→ **EXERCISE DIRECTIONS**
Send back the line that contains "Chata v Ružinej" and all lines following it through the end of the data below, exactly, omitting pictures.

→ **GIVEN INFORMATION**
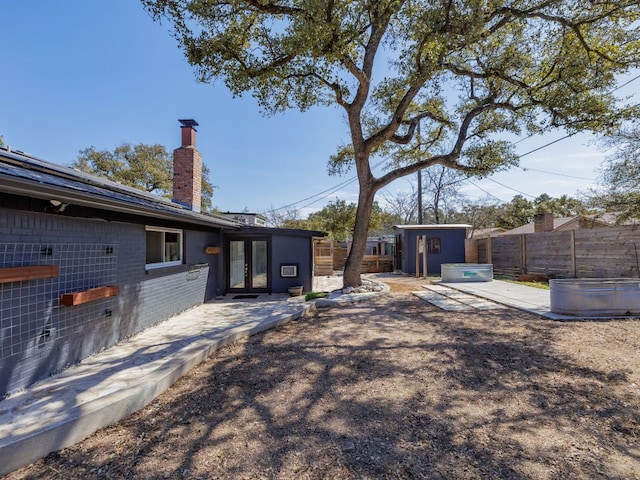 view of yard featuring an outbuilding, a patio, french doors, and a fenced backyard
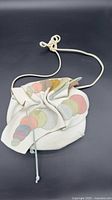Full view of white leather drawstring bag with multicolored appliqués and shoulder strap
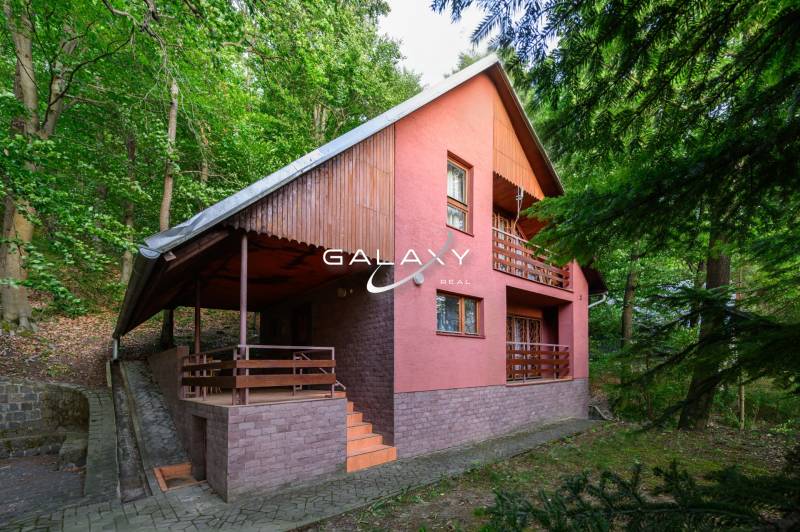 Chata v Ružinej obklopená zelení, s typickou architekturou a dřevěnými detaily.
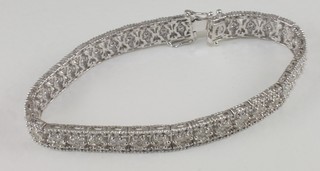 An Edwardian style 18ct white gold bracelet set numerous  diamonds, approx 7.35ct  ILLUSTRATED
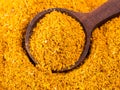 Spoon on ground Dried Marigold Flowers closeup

→ **RESULT BELOW**
 Chata v Ružinej obklopená zelení, s typickou architekturou a dřevěnými detaily.
 An Edwardian style 18ct white gold bracelet set numerous  diamonds, approx 7.35ct  ILLUSTRATED
 Spoon on ground Dried Marigold Flowers closeup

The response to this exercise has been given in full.